The weeks leading up to the winter holidays are intensely aromatic for me, as I start experimenting with new recipes for pastries and cakes. I hardly even need to wear perfume because as it is, everything gets permeated with the scents of vanilla, lemon peel, ginger and rosewater. Winter holiday baking is a relatively new tradition for me, but I plunged into it with zeal. I strongly associate winter holidays with Vienna, where I spent some of my student days: Christmas decorations glittering in the snow covered streets, the seductive bitterness of hot chocolate, Strauss concerts at the elegant Kursalon Wien, the light-hearted exuberance of being exam free!
As much as I love the modern city, I also have a passionate interest in the Vienna of the fin de siècle when the Hapsburg Empire lost much of its grandeur. No longer the capital city of a powerful empire, Vienna became an imperial residence. It is fascinating to consider that this period of political and social crisis in Vienna produced some of the most extraordinary movements in art, music and psychoanalysis and attracted a fascinating mix of artists.

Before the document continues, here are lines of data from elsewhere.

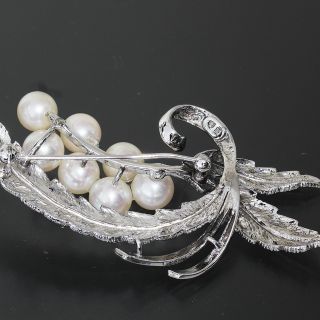 ポケットいっぱい ミキモト MIKIMOTO アコヤパール7玉 ブローチ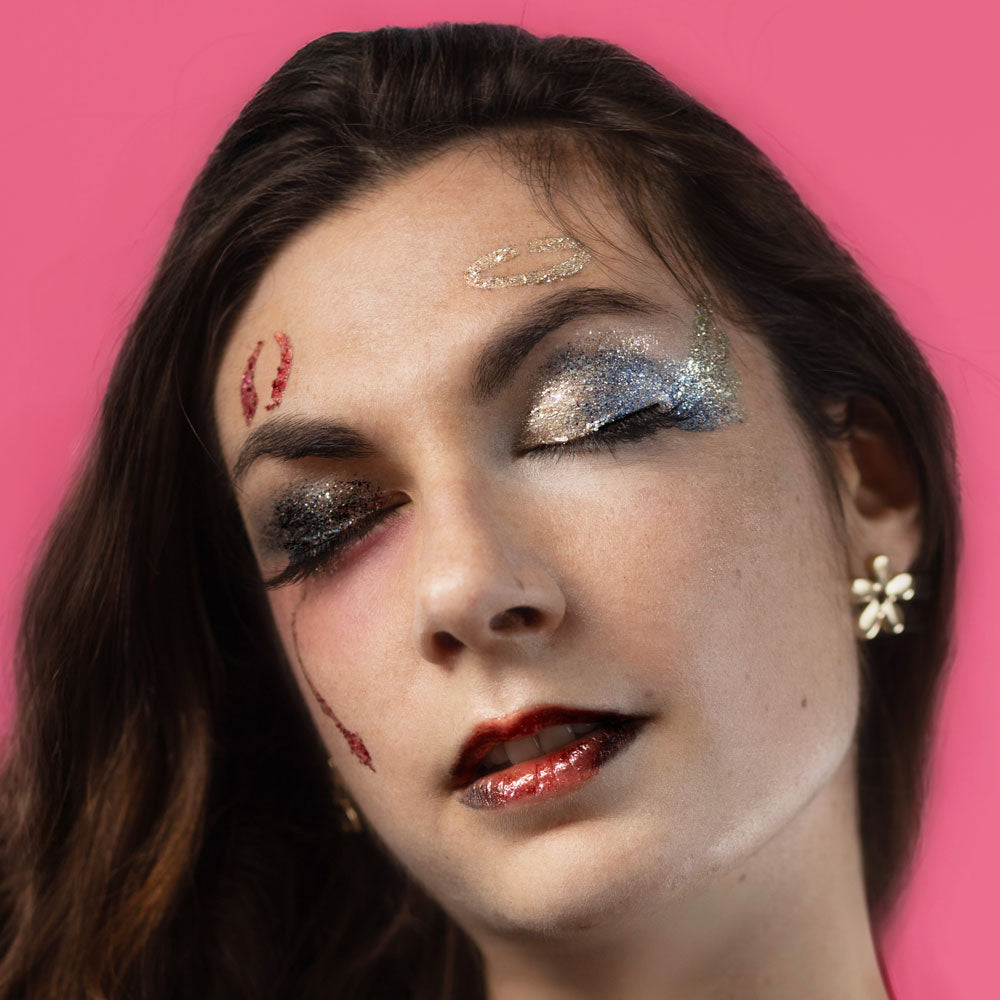 Look maquillage Halloween facile réalisé avec pochoirs vampire et ange démon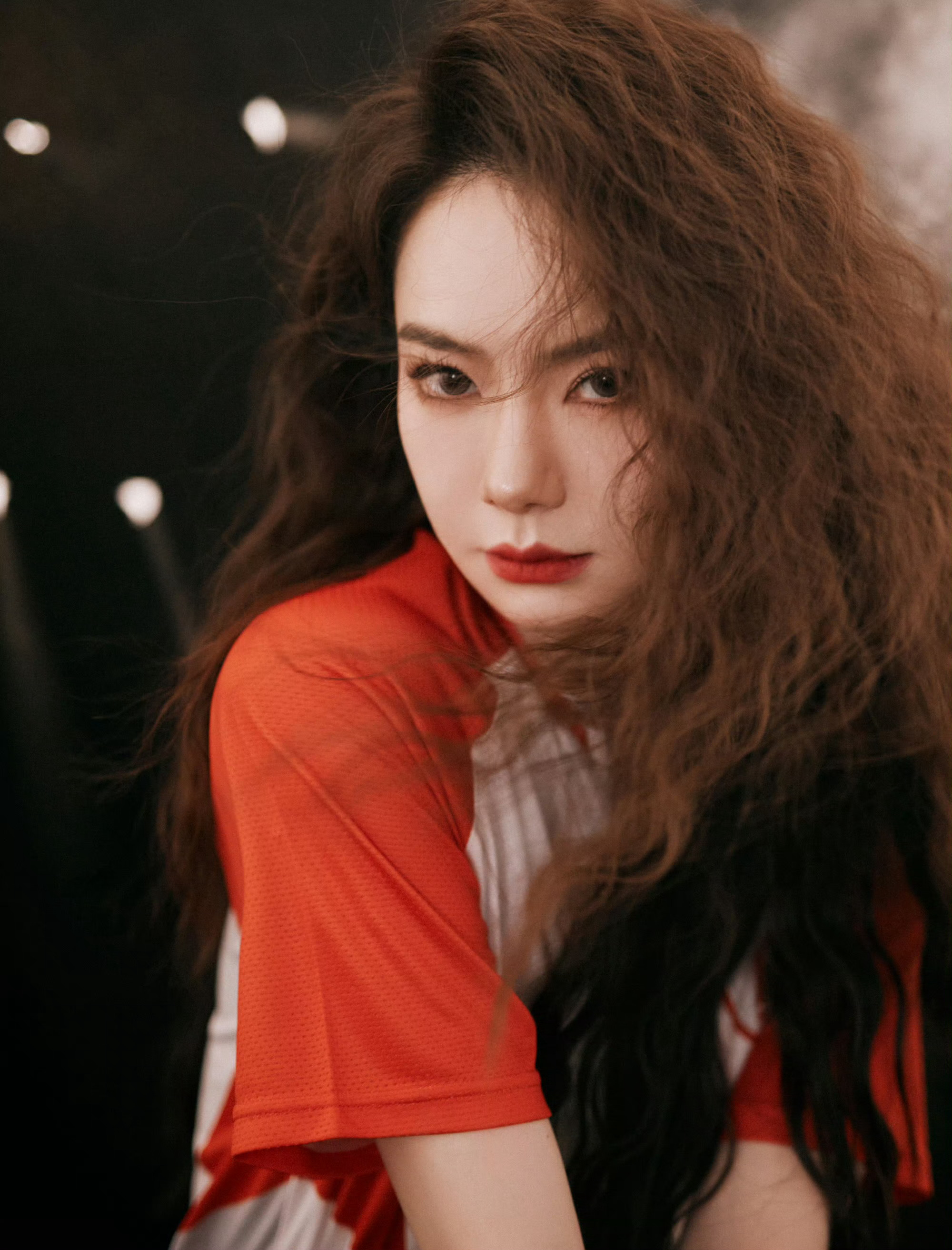 电竞女王戚薇~戚薇真的十分豁达，用积极的态度影响着团队，成都AG超玩会每个人都是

One such brilliant personality was Katharina Schratt, a famous actress and a close friend of Austrian Emperor Franz Joseph. They were first introduced by Empress Elisabeth, and while the degree of their closeness is subject to much speculation, the warm friendship between Schratt and the Emperor lasted until his death in 1916. Franz Joseph loved taking breakfast at Schratt’s house and he often commented on her delicious cooking, complaining about the heavy and overly decorated dishes served by the Imperial kitchen. He also regreted that he never got to enjoy a proper hot meal due to the distance his dinner had to travel at the Palace. His favorite dishes were goulash, a hearty meat stew, and kugelhopf, a sweet brioche-like bread, which Schratt was glad to provide.
In the 1970s, at the estate sale of Anton Schratt, Katharina’s son, a Hungarian-American chef, Louis Szathmary, discovered a handwritten compilation of recipes simply titled “Kochbuch, 1905, aus dem Besitz Kat. Schratt” (property of Kath. Schratt.) The book contains an unusual mix of refined French haute cuisine and lusty Hungarian specialties. Goulash is well represented, and there is even a separate page with three recipes for kugelhopf. The book was published in English as To Set Before the King: Katharina Schratt’s Festive Recipes, and if you have an interest in history and traditional cooking, it is a fascinating read.
The almond crescent recipe below comes from Schratt’s compilation of recipes. Of course, adapting any recipe to modern ingredients is a challenge, but it is something that I enjoy doing. I imagine it allows me to get a flavor of the period, and for a romantic like me, this is a delicious fantasy. So, I make a cup of hot chocolate, top it with a lavish dose of whipped cream, listen to some Strauss waltzes, and although Vienna is far away, I can almost see its glittering splendor.
These almond crescents are delectable! They are essentially an almond meringue, reminiscent of confections like nougat or Italian torrone, but far easier to prepare. I will include the original recipe and my adaptation. While I stay fairly close to the original flavor, this recipe can be changed freely. Use hazelnuts, pecans or pistachios instead of almonds; add vanilla, lemon zest, cacao, cardamom, rosewater or the spices of your choice. The meringue is a perfect canvas to use for your own creations.
Original Recipe: “Beat 4 egg whites until stiff, blend in 234g sugar, 234g blanched almonds coarsely chopped. Spread on a board, form crescents, and roll them in chopped almonds. Bake on a well-buttered cookie sheet in a cool oven.”
My Adaptation: 160g ground, lightly toasted almonds
80g fine granulated sugar
20g egg white (approximately 1 large egg white)
Preheat oven to 350F.
Whip egg whites till soft peaks, add sugar and continue whipping till a firm, silky and shiny mass is obtained. Add 1/3 of the egg white mixture to the ground almonds. Mix well and add the rest in increments, making sure that you obtain a soft, but moldable dough. Keep a bowl of water nearby and divide the dough into walnut size lumps. Shape each into a crescent and place onto parchment paper covered baking sheet. Sprinkle with sliced almonds or pine nuts.
Depending on your oven, the crescents will need 10-20 minutes. They should be light, barely colored. It is best to bake them on a double baking sheet to prevent the bottom from coloring too much. It only takes a minute to burn meringue, so pay close attention to the cookies.